Peace between the warring nations of Veil and Ryllion is hard to come by, but it has been maintained by an ancient order known as the Rangers of the Divide. The Rangers reside in the borderlands between the two nations, never to leave their post unless a crisis presents itself.
So why has a detachment of Rangers completely disappeared without a word?
A small group of cadets is left wondering how to protect their outpost without the guidance of their instructors. Only their Commander remains, and learning teamwork in the face of low-level threats proves to be difficult. How will their Commander lead them to take on a global threat–especially when he seems to know more about the situation than he’s letting on?
From a 10,000 foot view, Rangers of the Divide promises to be a strong entry in the world of sci-fi/fantasy comics.
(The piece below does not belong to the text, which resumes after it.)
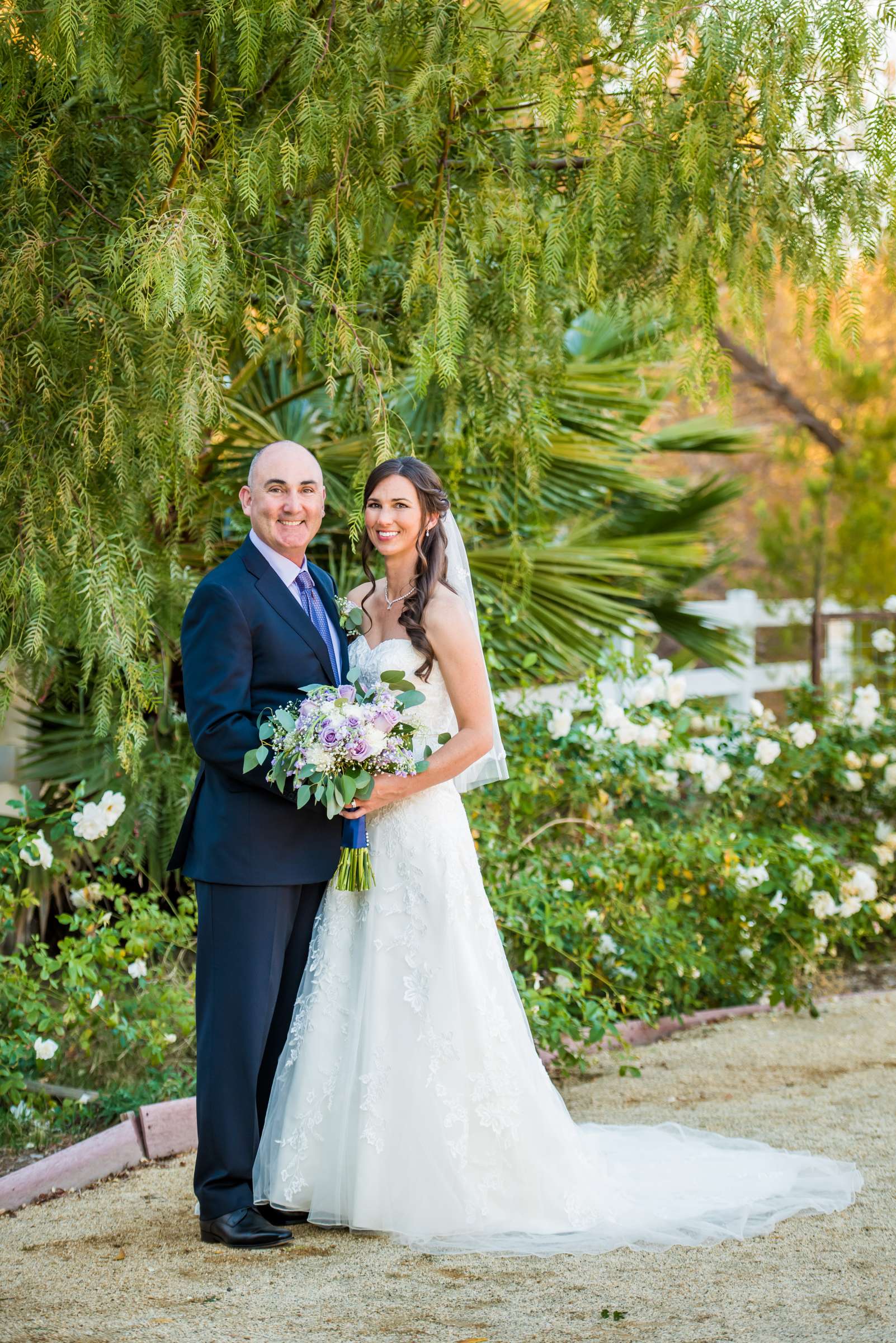 Winter White Barn Wedding, Jessica and Brian Wedding Photo #3 by True Photography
The world that one-woman-show Megan Huang creates with her writing and art is visually engaging and inviting. The Avatar-esque designs are unique and lure the reader to linger on the pages to take in the atmosphere. The world to which we are introduced sets up believable tension while not overwhelming us with exposition and rules.
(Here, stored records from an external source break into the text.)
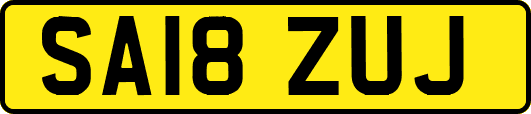 SA18ZUJ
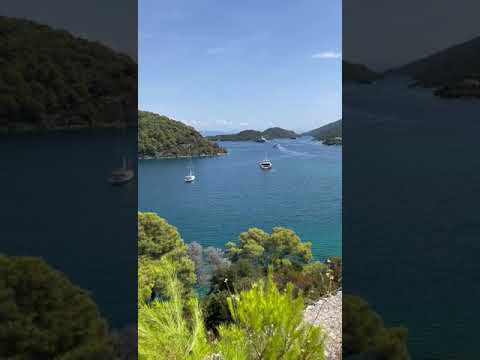 Mljet, Polače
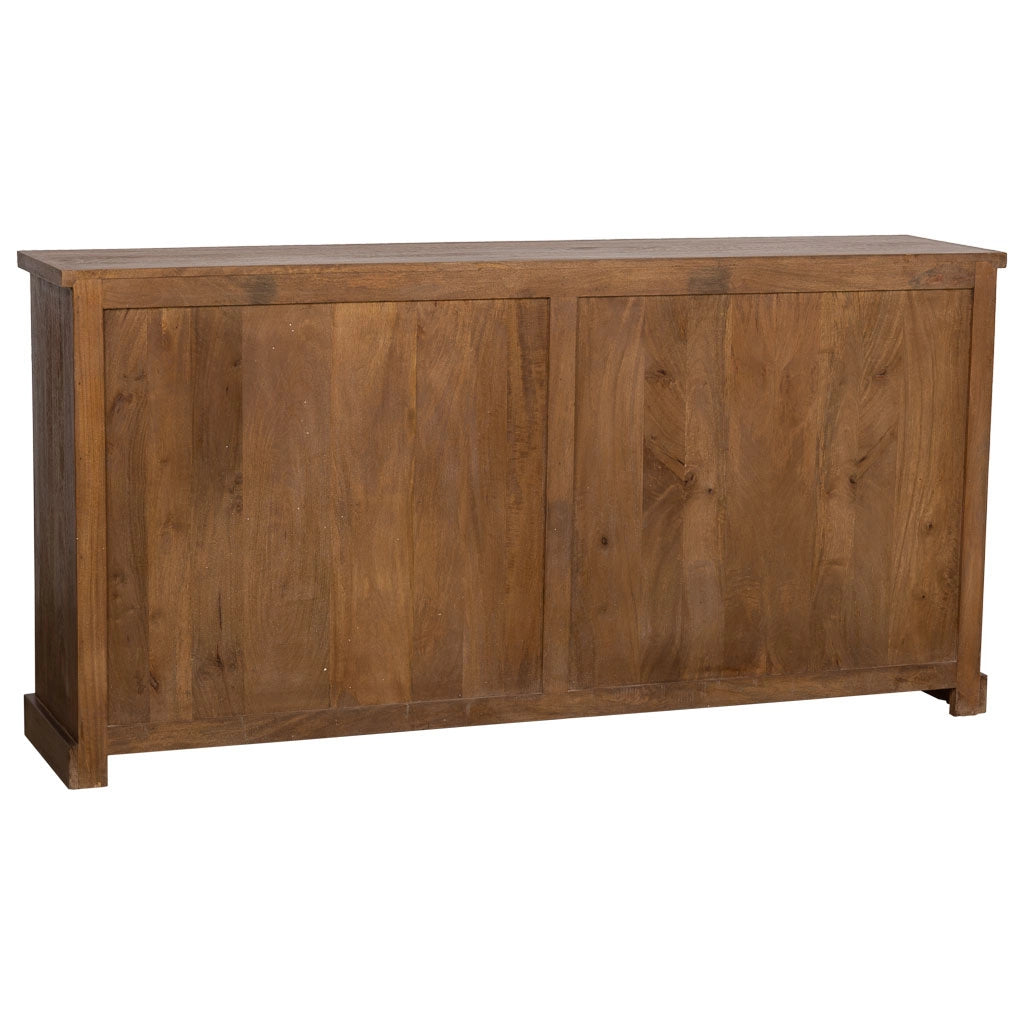 Credenza marrone 180x40x90h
The various characters we meet all have distinct personalities and voices, and their designs add a unique element that complement the dragons they ride into battle. Additionally, the drama and the stakes that permeate this first issue move the story at a break-neck pace that require us to keep coming back for more. Why did the other Rangers disappear? How will the cadets work together? What does the Commander really know? All of these questions pique our curiosity that can only be satiated by continuing to invest in subsequent issues.
Getting a little closer to the surface, though, brings up a few faults. The biggest quibble I had with this book was that, while the world-building was kept at a respectable minimum, the cast of characters felt a little bloated. I appreciated our time to get to know the Commander and cadet Elsie, but there was a good amount of supporting cast that we don’t really get much time to know. In the end, I didn’t quite have any characters to latch onto. There were some action sequences where the art was a little unclear, and I’m a little on the fence about the practicality of the tail weapon that the Rangers employ.
Overall, Rangers of the Divide provides a fun, engaging universe that should appeal to fans of stories like Avatar and Attack on Titan. There may be a few bumps on our dragon-fueled ride, but the tension introduced in this first issue makes this worth checking out.